Reason not to be a tiny alligator in Cuba: if found, you will be stuffed, whole, glued/sewn (it’s unclear, really) onto a purse bearing some other creature’s stretched-out skin, and sold for sixty bucks by a woman named Irene who makes hurricane jokes.
Reason to get a landline: you’ll get to press this baby to your ear and slide-dial each number individually and hear that satisfying little re-wind click every time the dial re-sets itself. Each phone call will come to feel like a little ceremony, celebrating the magic of telephone wires and long-or-any-distance contact. Which is what we’ve all been looking for all along, I suspect.

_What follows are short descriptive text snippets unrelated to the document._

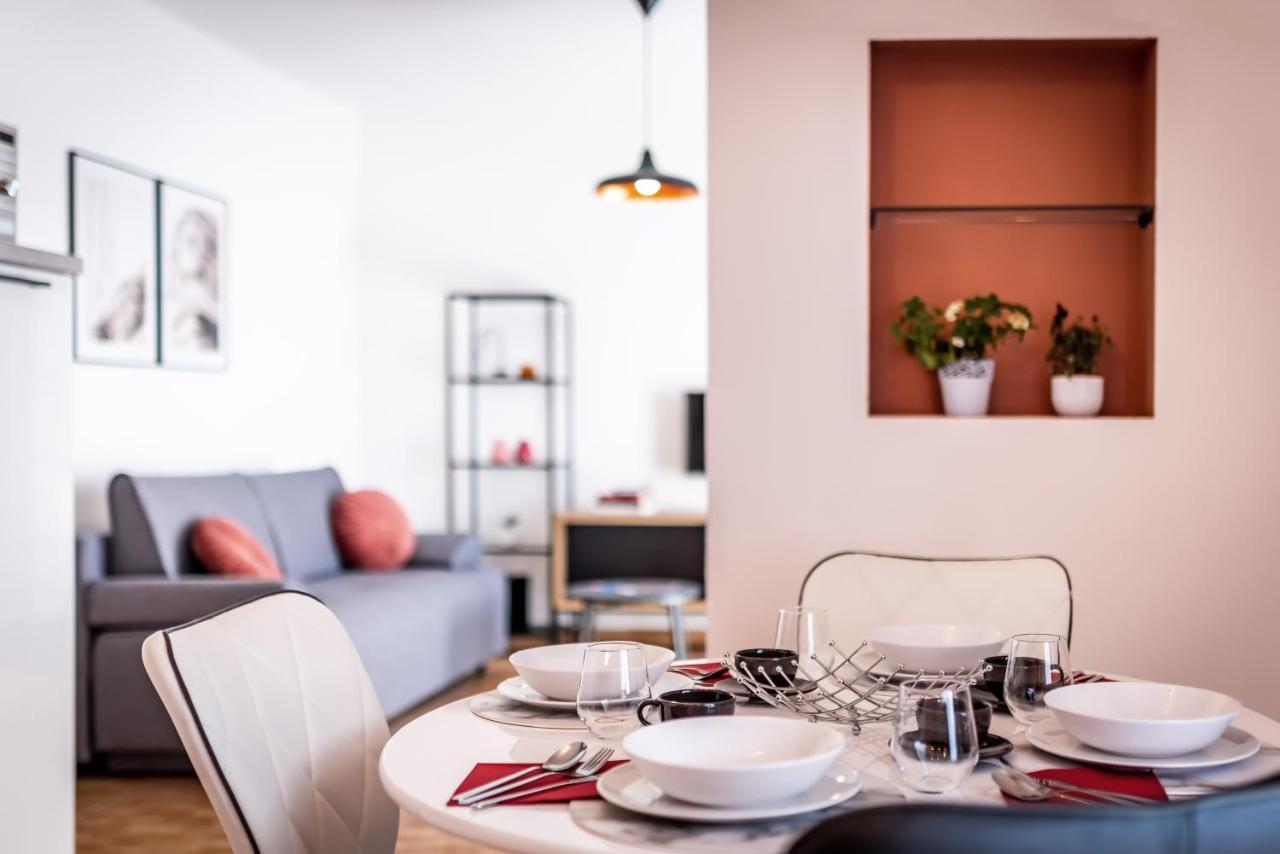 שיבניק Apartments Tanya מראה חיצוני תמונה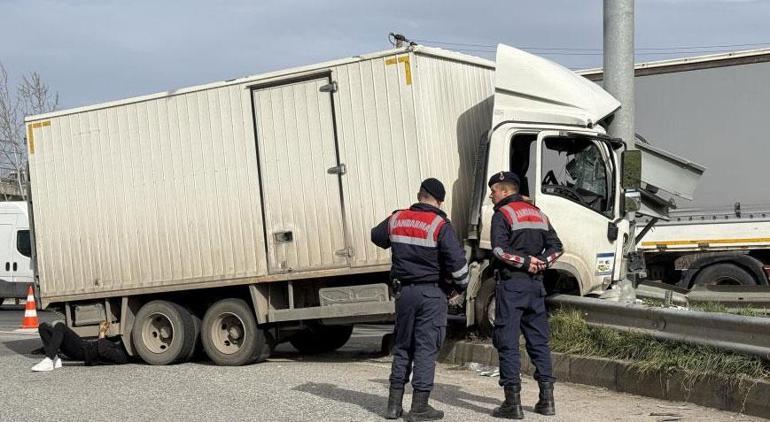 Korkunç kaza Kamyonet yön tabelasına ok gibi saplandı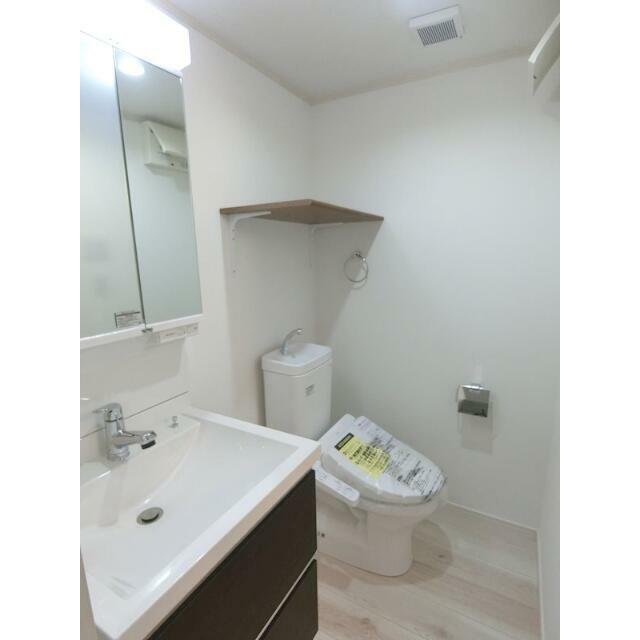 洗面設備　独立洗面台が標準装備！ドライヤーも収納できるタイプです！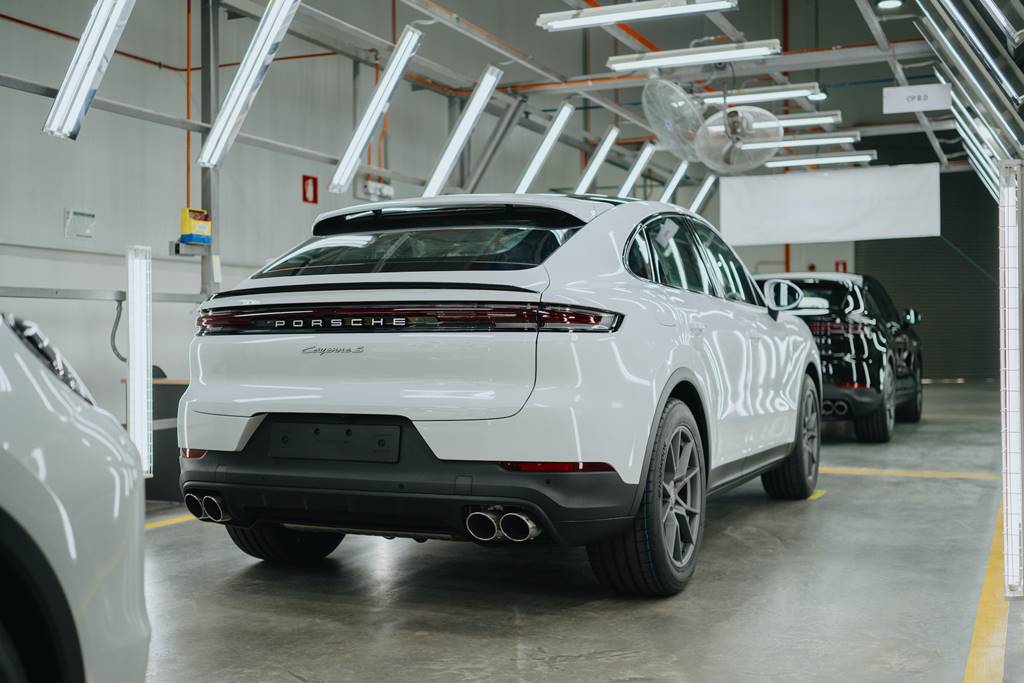 Porsche Cayenne Hybrid assembly at Inokom [2024] 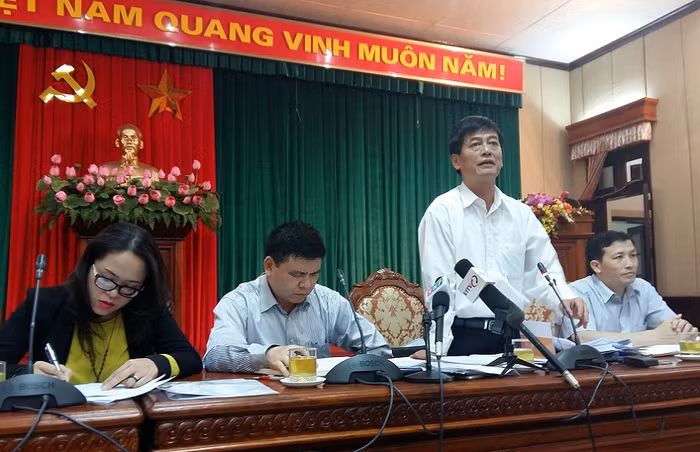 Ông Bùi Anh Tuấn thông tin về công tác bầu cử Đại biểu Quốc hội, Đại biểu Hội đồng nhân dân TP Hà Nội. ảnh: Ngọc Quang.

Reason to be a plaster duck: look at all the friends you’ve got. You’re positively surrounded. And all you’ve got to do all day is sit there on that lavender tablecloth and absorb admiration-rays from passersby who will, no doubt, admire you fully and completely not only for your physical attributes, but also for your usefulness. Just think of all the things that could be put inside your carved-out back. Marbles. Hair items. Coins. Nuts. Tissues. Some sort of combination. You’ve got a bright future ahead of you, plaster hollow-backed ducks. Remember that when all your friends get bought-up and you’re the only one left on that cold lavender table-cloth at the open-air market.